The emerging question is how much the BBC — Britain’s esteemed public broadcaster — knew about Savile’s conduct and whether it turned a blind eye to or even covered up his alleged crimes, some of which purportedly took place on BBC premises.
The BBC’s reputation has been damaged by the revelation that “Newsnight,” its version of “60 Minutes,” was about to expose Savile last December. But officials spiked the program at the last minute, purportedly because of a lack of evidence.
The allegations against Savile — a kind of freakish Dick Clark who was known for hosting shows such as “Top of the Pops” and was knighted for his charitable work — were broadcast this month by ITV, an independent rival to state-funded BBC.
This would likely be of passing interest here if the story hadn’t broken several weeks after the New York Times Co. announced the hiring of its new chief executive. He is Mark Thompson, who headed the BBC at the time the Savile documentary was spiked.
Thompson, 55, now finds himself in a what-did-he-know-when position as a British investigative committee begins looking into the Savile-BBC matter. The Times Co., meanwhile, finds itself answering questions about the future of its future chief executive, who is to start work next month.
“He’s our incoming CEO, and there’s no change in our plans for that,” said Times Co. spokesman Robert Christie on Wednesday. “He has the confidence of management. . . . He has said [in multiple press interviews] that he didn’t know about this and we take him at his word. There’s no evidence that he did.”
The Times’s newsroom, by contrast, now is in the awkward position of covering a story in which its incoming boss has a central role.
So far — at least in the judgment of the Times’s public editor, its independent critic — the paper has acquitted itself well.

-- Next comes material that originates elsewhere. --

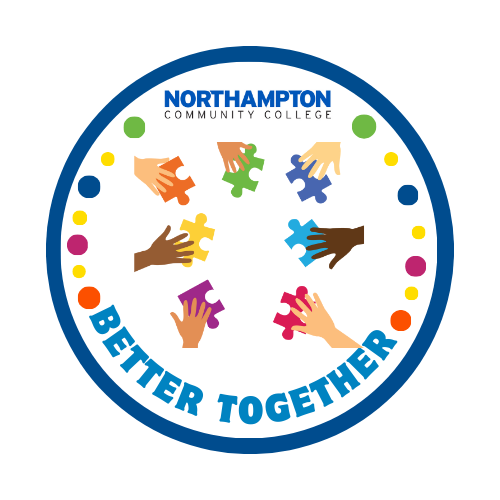 Logo of Northampton Community College featuring multicolored hands holding puzzle pieces, with the text "Better Together" displayed prominently.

“To its credit,” wrote the editor, Margaret Sullivan, this week, “the Times is reporting this story regularly through its London bureau, and has displayed it several times on the Web site’s home page.” Though she expressed skepticism that Thompson, while running the 22,000-employee BBC, knew about Savile and “Newsnight,” she added, “It’s worth considering now whether he is the right person for the [Times] job, given this turn of events.”